In prior comments, API CEO Mike Sommers said any efforts to create a "TexOPEC would be incredibly damaging to our posture in the world. Imposing a production or export quota on Texas crude would really penalize the most efficient producers while supporting less efficient companies."
Analysts said clearly Saudi Arabia and Russia alone could not provide cuts that would remove even 10 million barrels a day from the market without help. Saudi Arabia would need to be joined by the other members of OPEC, and non-OPEC producers. Russia would also have to join in. Saudi Arabia called an emergency of the producers, known as OPEC plus.
"They want all the producers on board. The US poses the trickiest challenge. The question is can the Texas Railroad Commission proposal get institutional backing in Washington?" Croft said.
Analyst said Saudi Arabia conceivably could cut 4 million barrels a day from its 12.5 million barrels, and Russia might be able to cut 1.5 million at most from its 11 million barrel-a-day output. But the Wall Street Journal quoted a Saudi official saying the best case would be a 6 million barrel-a-day cut and it was unclear how the president reached 10 million barrels a day.
The U.S. industry has been pumping at near record levels of 13 million barrels a day in the last several weeks, even with the stunning drop in demand that Yergin says could be 10 million barrels a day in April. He said the question for the industry is whether production will fall because of economics or because of state regulation.

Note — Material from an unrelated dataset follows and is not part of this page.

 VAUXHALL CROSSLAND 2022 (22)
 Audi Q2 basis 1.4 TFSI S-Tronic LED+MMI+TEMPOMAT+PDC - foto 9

Bank of America forecasts U.S. production could decline to 11 million by the end of the year, just because of the impact of lower prices.
"I think everybody will be listening very carefully to what Trump has to say," said Yergin.
But the U.S. industry has succeeded without government restrictions, going from a big importer to net exporter of oil and refined products in just a matter of years. "Joining in to try to manage the oil price goes against our capitalist values," said Kilduff.
"Maybe he gets the frackers to stop fracking and he gets them an aid package to get them through," Kilduff said. "They already have cut cap ex and that maybe could count. It's going to be fuzzy math of the first order."